Exercise aim -> The required output is the lines from the one with "SS Turquoise &" through the end of the data, repeated verbatim, with no pictures included.
- Opening Delimiter -
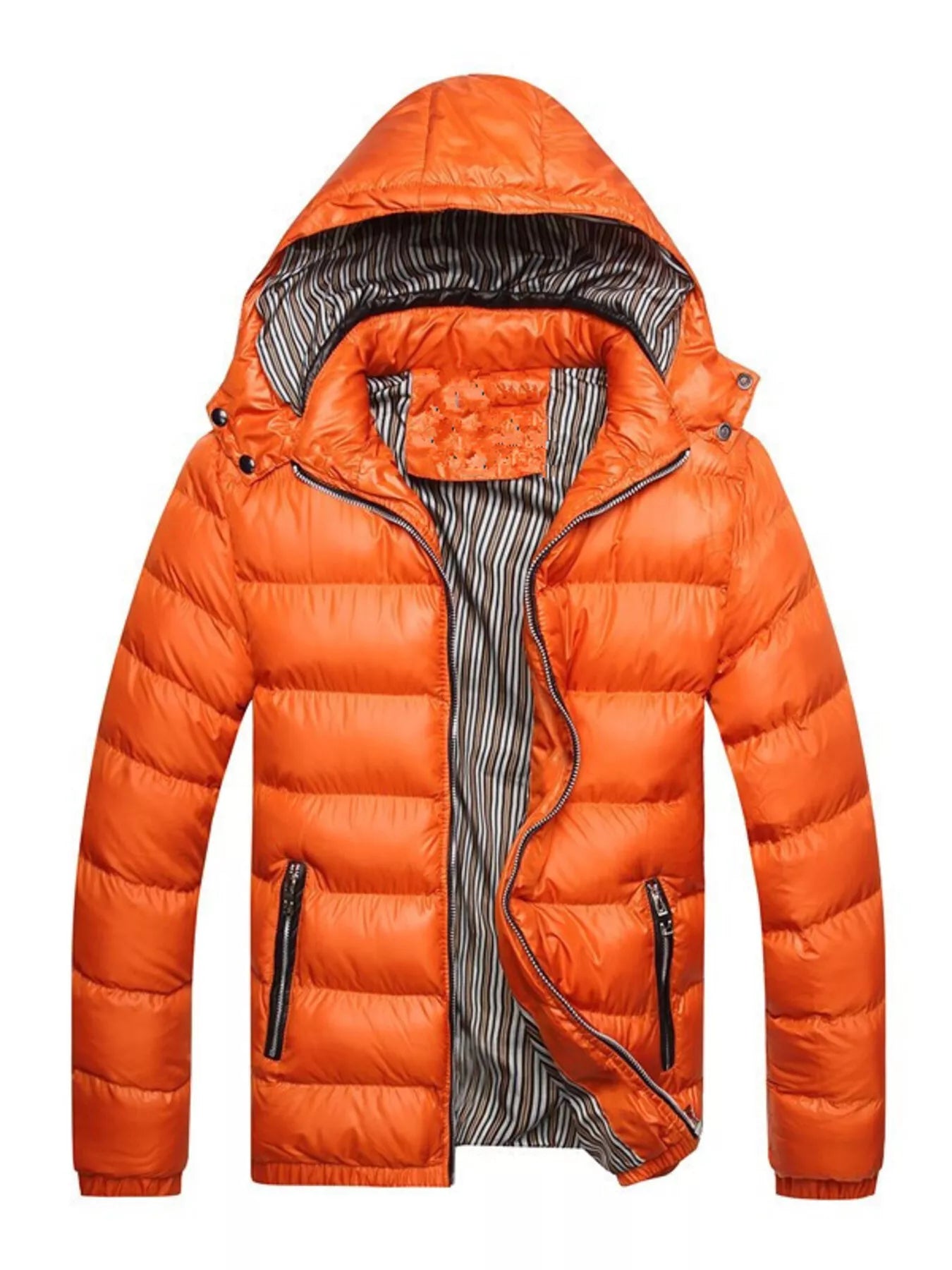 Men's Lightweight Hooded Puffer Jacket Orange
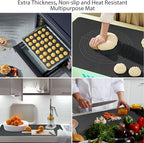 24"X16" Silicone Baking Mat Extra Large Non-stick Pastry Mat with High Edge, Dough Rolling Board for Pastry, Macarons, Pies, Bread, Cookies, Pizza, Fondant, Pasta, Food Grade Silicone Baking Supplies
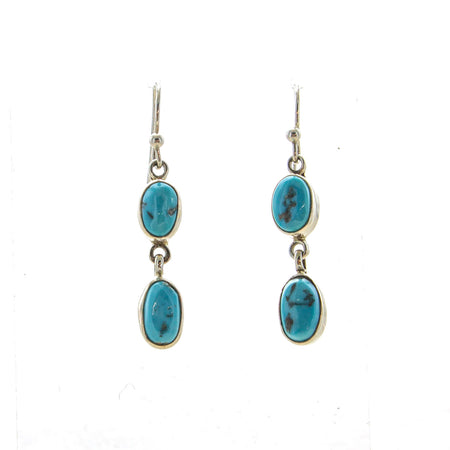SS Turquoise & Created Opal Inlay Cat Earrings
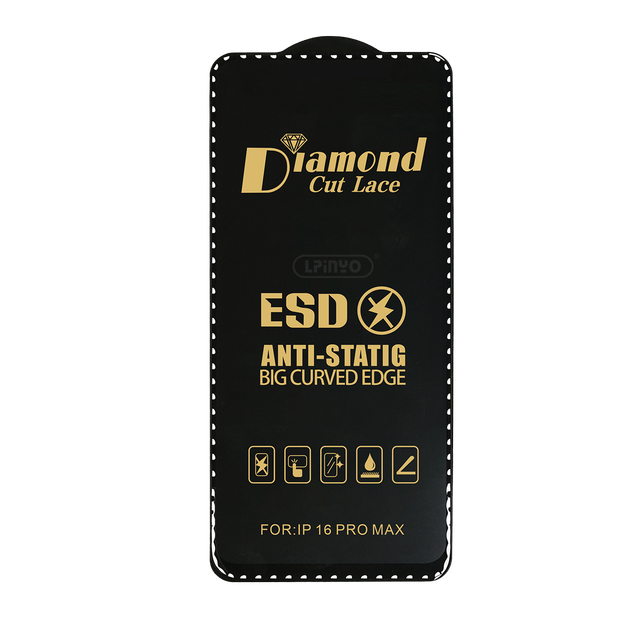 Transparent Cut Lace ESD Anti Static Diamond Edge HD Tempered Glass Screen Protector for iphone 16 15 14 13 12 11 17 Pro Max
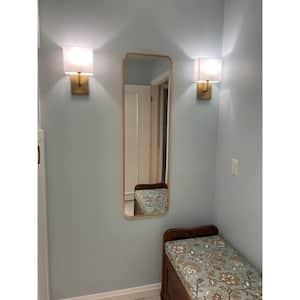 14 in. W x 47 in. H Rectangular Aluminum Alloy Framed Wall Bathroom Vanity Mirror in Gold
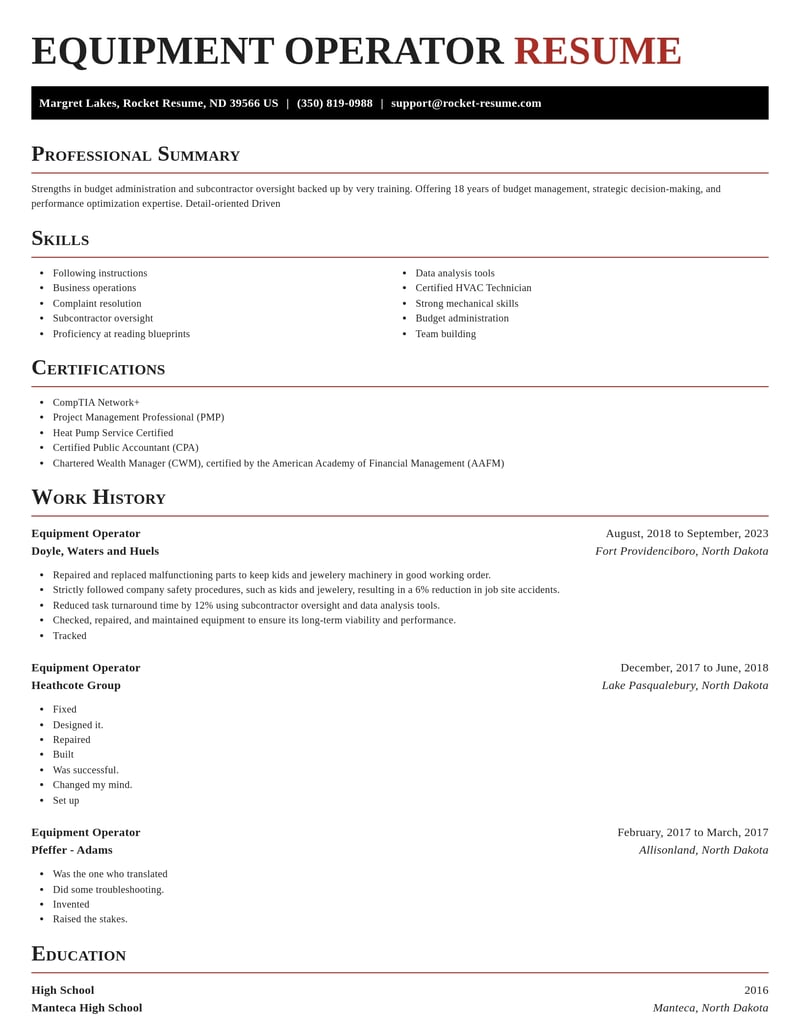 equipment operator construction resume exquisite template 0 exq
- Closing Delimiter -
Result of this task ->
SS Turquoise & Created Opal Inlay Cat Earrings
 Transparent Cut Lace ESD Anti Static Diamond Edge HD Tempered Glass Screen Protector for iphone 16 15 14 13 12 11 17 Pro Max
 14 in. W x 47 in. H Rectangular Aluminum Alloy Framed Wall Bathroom Vanity Mirror in Gold
 equipment operator construction resume exquisite template 0 exq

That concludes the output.